* **Source data**:
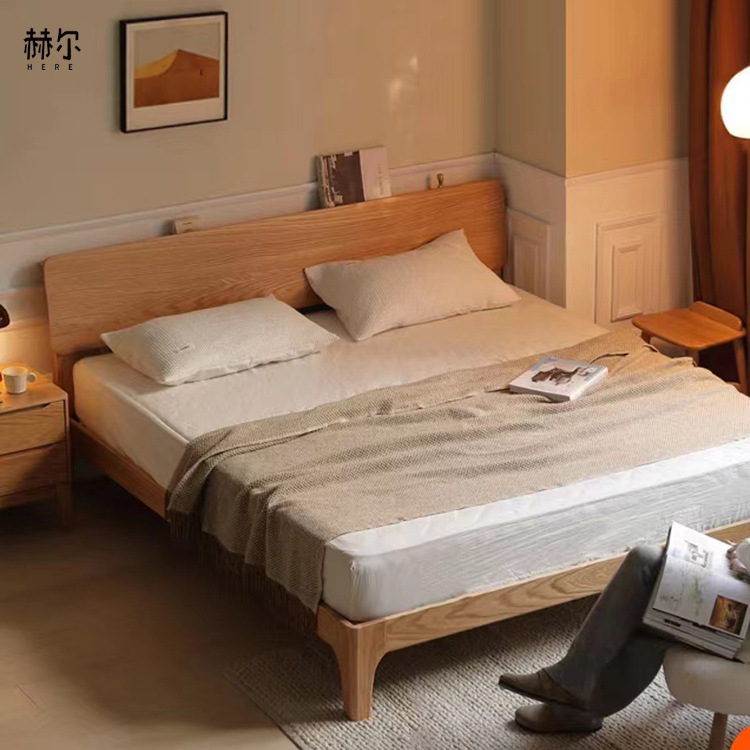 Original wood style Japanese pure solid wood bed, modern minimalist 1.5/1.8-meter oak double bed, Nordic eco-friendly bedroom home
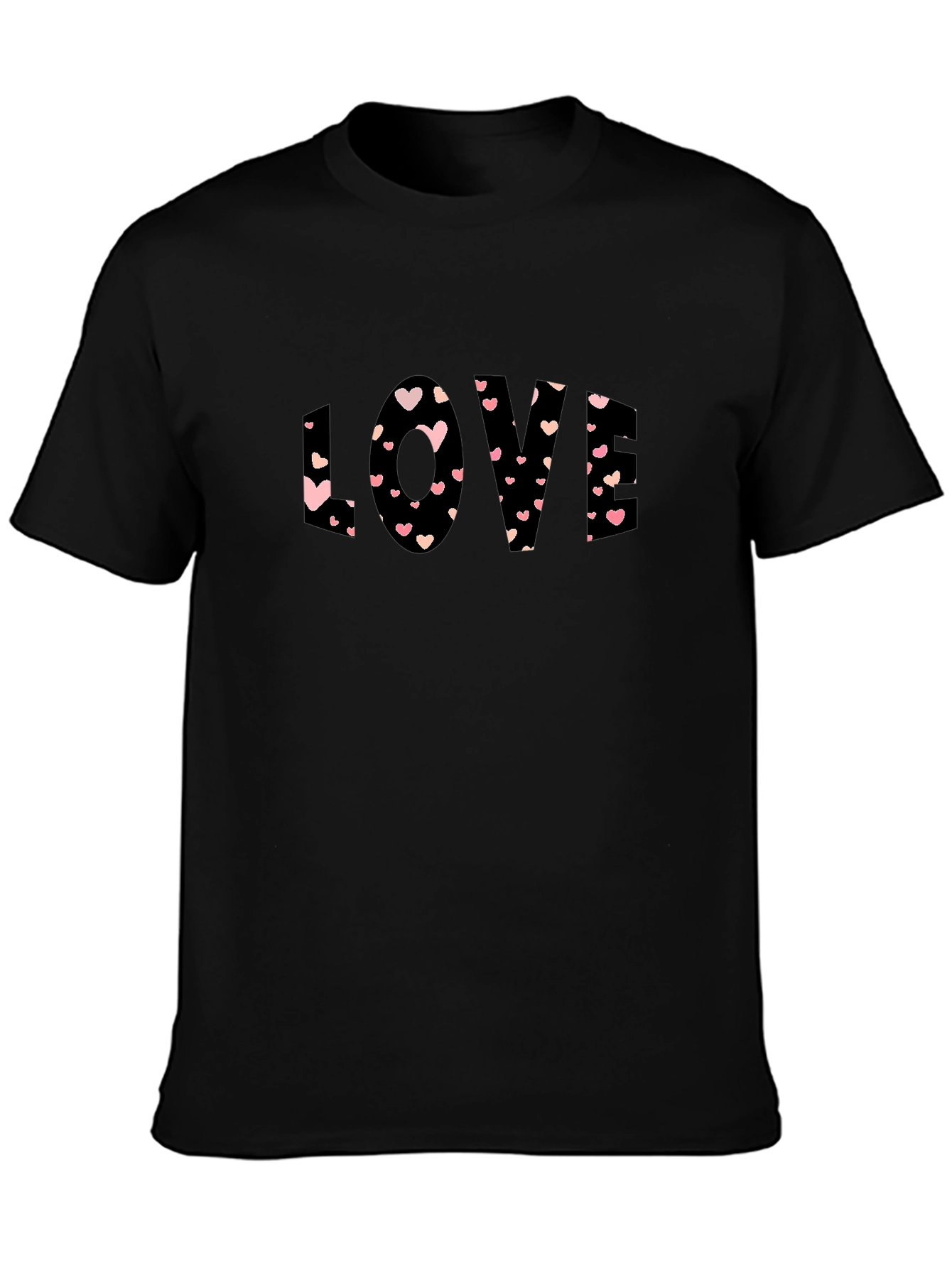 Love Heart Graphic Tee - Black Casual Shirt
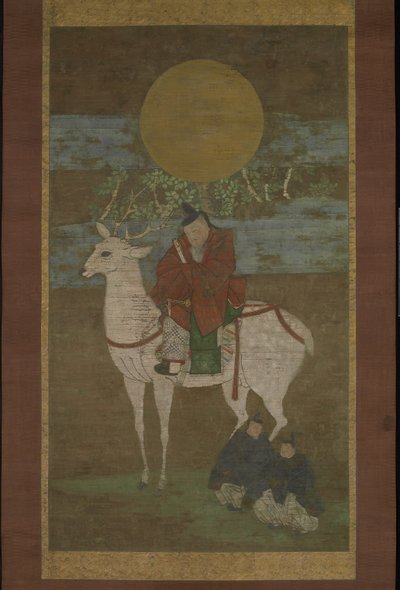 Odchod z Kashimy (Božstvo Kasuga out), konec 14. století (závěsný svitek: inkoust, barva a zlato na hedvábí) od Japanese School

* **What is needed**:
Transcribe the data exactly, minus any images.

* **Solution to this task**:
 Original wood style Japanese pure solid wood bed, modern minimalist 1.5/1.8-meter oak double bed, Nordic eco-friendly bedroom home
 Love Heart Graphic Tee - Black Casual Shirt
 Odchod z Kashimy (Božstvo Kasuga out), konec 14. století (závěsný svitek: inkoust, barva a zlato na hedvábí) od Japanese School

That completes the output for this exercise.